____ Exercise data
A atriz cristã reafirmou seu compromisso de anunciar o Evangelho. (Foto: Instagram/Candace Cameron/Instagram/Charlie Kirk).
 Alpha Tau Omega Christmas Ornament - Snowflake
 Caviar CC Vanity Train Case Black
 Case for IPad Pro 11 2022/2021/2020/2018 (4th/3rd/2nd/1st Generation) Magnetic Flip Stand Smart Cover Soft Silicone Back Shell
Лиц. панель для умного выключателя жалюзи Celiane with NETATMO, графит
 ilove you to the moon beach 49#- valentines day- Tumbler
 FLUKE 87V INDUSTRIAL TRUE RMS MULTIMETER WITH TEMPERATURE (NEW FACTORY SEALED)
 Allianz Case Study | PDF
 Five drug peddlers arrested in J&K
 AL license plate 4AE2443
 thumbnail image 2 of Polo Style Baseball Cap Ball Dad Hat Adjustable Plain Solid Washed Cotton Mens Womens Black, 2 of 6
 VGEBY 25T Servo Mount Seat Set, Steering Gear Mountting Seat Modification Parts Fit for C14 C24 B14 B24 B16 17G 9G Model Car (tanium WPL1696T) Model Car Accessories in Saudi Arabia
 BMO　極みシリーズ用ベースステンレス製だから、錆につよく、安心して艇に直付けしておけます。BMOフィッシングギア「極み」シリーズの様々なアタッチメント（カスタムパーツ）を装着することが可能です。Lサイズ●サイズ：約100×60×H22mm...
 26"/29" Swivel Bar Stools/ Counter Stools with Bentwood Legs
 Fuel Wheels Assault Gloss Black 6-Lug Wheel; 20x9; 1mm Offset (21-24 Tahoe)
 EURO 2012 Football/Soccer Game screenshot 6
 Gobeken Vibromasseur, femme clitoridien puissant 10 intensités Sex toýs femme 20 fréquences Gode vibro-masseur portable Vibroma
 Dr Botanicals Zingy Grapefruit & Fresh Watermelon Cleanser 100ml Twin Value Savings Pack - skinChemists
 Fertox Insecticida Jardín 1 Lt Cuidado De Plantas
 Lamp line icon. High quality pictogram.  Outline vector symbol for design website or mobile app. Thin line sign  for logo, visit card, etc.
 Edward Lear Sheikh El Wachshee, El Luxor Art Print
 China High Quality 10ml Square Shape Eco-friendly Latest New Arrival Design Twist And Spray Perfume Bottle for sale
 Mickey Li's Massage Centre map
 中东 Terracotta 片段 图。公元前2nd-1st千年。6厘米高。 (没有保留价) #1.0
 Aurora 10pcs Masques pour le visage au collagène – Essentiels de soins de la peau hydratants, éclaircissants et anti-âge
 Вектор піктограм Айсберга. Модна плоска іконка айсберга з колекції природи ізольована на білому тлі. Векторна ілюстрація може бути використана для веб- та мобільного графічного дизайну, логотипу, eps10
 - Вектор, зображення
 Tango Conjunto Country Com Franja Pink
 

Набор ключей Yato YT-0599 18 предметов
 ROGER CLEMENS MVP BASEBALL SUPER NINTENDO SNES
________
- [The problem] The data above is to be returned exactly, with nothing altered.

- [Result]
A atriz cristã reafirmou seu compromisso de anunciar o Evangelho. (Foto: Instagram/Candace Cameron/Instagram/Charlie Kirk).
 Alpha Tau Omega Christmas Ornament - Snowflake
 Caviar CC Vanity Train Case Black
 Case for IPad Pro 11 2022/2021/2020/2018 (4th/3rd/2nd/1st Generation) Magnetic Flip Stand Smart Cover Soft Silicone Back Shell
Лиц. панель для умного выключателя жалюзи Celiane with NETATMO, графит
 ilove you to the moon beach 49#- valentines day- Tumbler
 FLUKE 87V INDUSTRIAL TRUE RMS MULTIMETER WITH TEMPERATURE (NEW FACTORY SEALED)
 Allianz Case Study | PDF
 Five drug peddlers arrested in J&K
 AL license plate 4AE2443
 thumbnail image 2 of Polo Style Baseball Cap Ball Dad Hat Adjustable Plain Solid Washed Cotton Mens Womens Black, 2 of 6
 VGEBY 25T Servo Mount Seat Set, Steering Gear Mountting Seat Modification Parts Fit for C14 C24 B14 B24 B16 17G 9G Model Car (tanium WPL1696T) Model Car Accessories in Saudi Arabia
 BMO　極みシリーズ用ベースステンレス製だから、錆につよく、安心して艇に直付けしておけます。BMOフィッシングギア「極み」シリーズの様々なアタッチメント（カスタムパーツ）を装着することが可能です。Lサイズ●サイズ：約100×60×H22mm...
 26"/29" Swivel Bar Stools/ Counter Stools with Bentwood Legs
 Fuel Wheels Assault Gloss Black 6-Lug Wheel; 20x9; 1mm Offset (21-24 Tahoe)
 EURO 2012 Football/Soccer Game screenshot 6
 Gobeken Vibromasseur, femme clitoridien puissant 10 intensités Sex toýs femme 20 fréquences Gode vibro-masseur portable Vibroma
 Dr Botanicals Zingy Grapefruit & Fresh Watermelon Cleanser 100ml Twin Value Savings Pack - skinChemists
 Fertox Insecticida Jardín 1 Lt Cuidado De Plantas
 Lamp line icon. High quality pictogram.  Outline vector symbol for design website or mobile app. Thin line sign  for logo, visit card, etc.
 Edward Lear Sheikh El Wachshee, El Luxor Art Print
 China High Quality 10ml Square Shape Eco-friendly Latest New Arrival Design Twist And Spray Perfume Bottle for sale
 Mickey Li's Massage Centre map
 中东 Terracotta 片段 图。公元前2nd-1st千年。6厘米高。 (没有保留价) #1.0
 Aurora 10pcs Masques pour le visage au collagène – Essentiels de soins de la peau hydratants, éclaircissants et anti-âge
 Вектор піктограм Айсберга. Модна плоска іконка айсберга з колекції природи ізольована на білому тлі. Векторна ілюстрація може бути використана для веб- та мобільного графічного дизайну, логотипу, eps10
 - Вектор, зображення
 Tango Conjunto Country Com Franja Pink
 

Набор ключей Yato YT-0599 18 предметов
 ROGER CLEMENS MVP BASEBALL SUPER NINTENDO SNES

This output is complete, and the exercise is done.